Word for word, please restate the line that contains "1865 - 20 cent. su 15 cent. Ferro ..." and all lines after it through the end of the material, minus the pictures.

**SUPPLIED DATA**

----

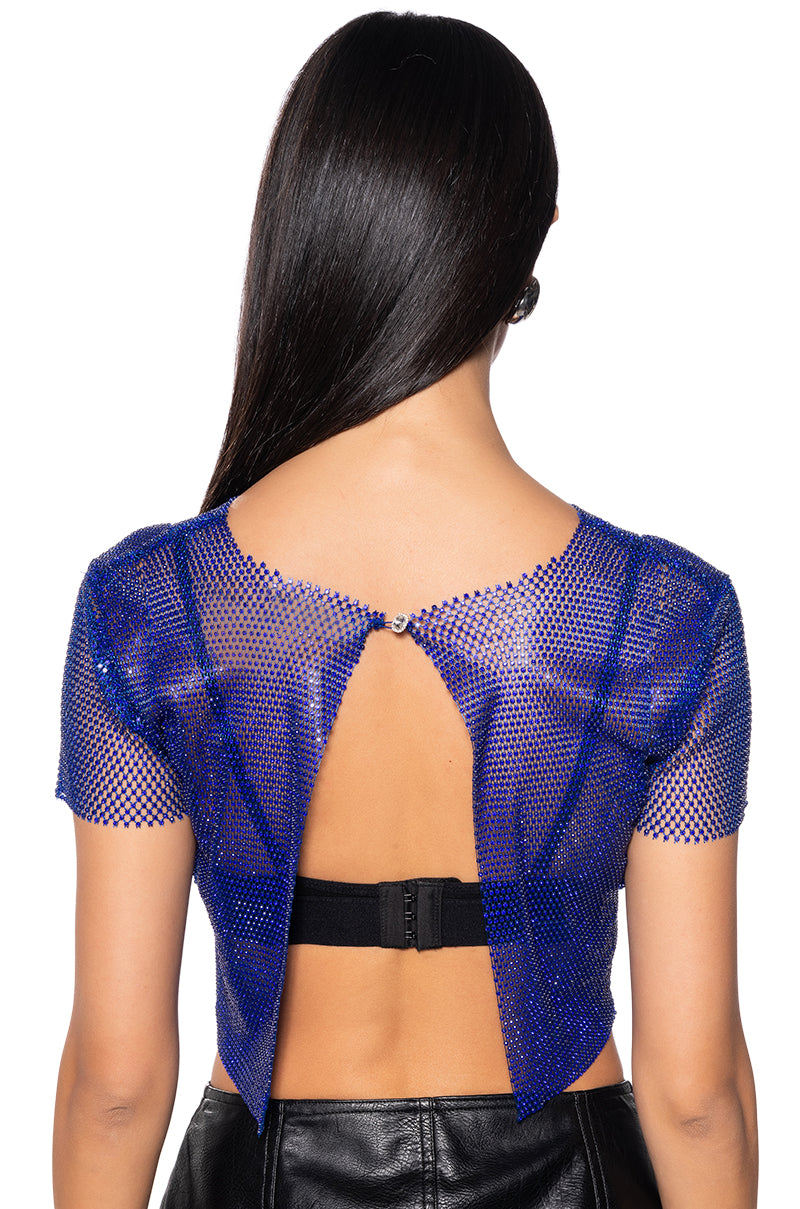 SILENT MOVES OPEN BACK RHINESTONE TOP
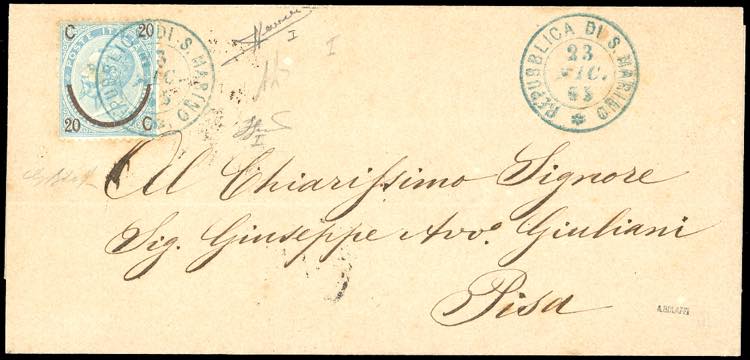 1865 - 20 cent. su 15 cent. Ferro ... 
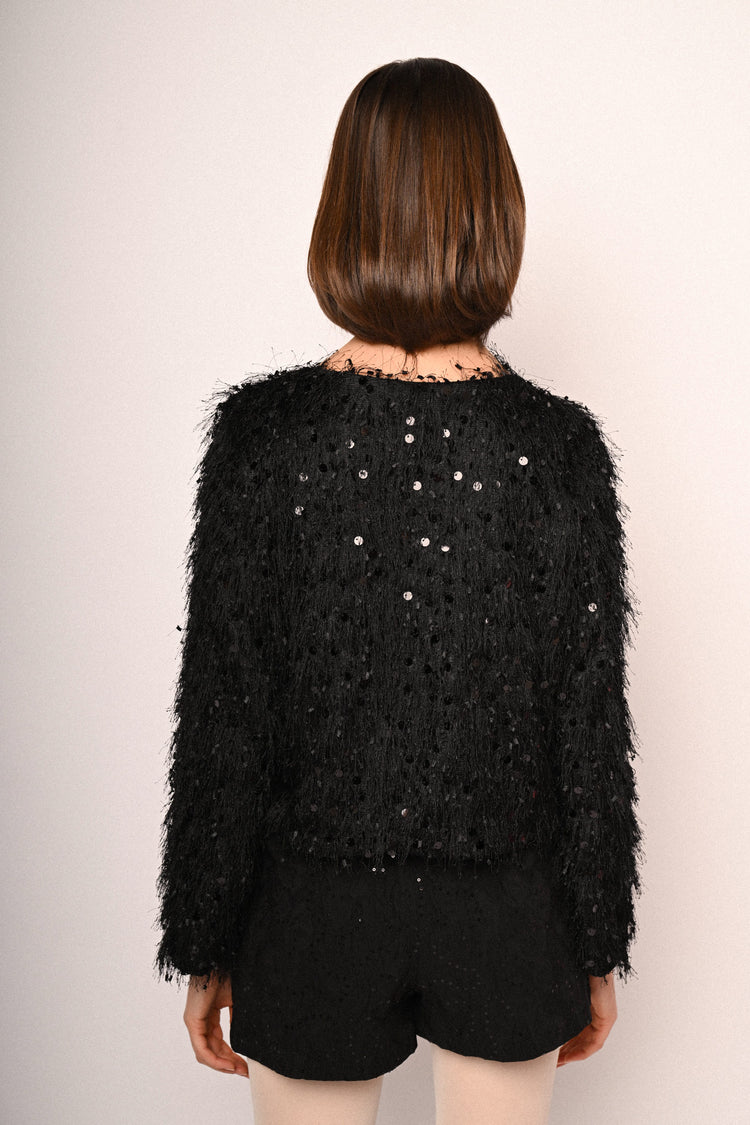 Sequin hairy jacket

----

**YOUR RESPONSE**
 1865 - 20 cent. su 15 cent. Ferro ... 
 Sequin hairy jacket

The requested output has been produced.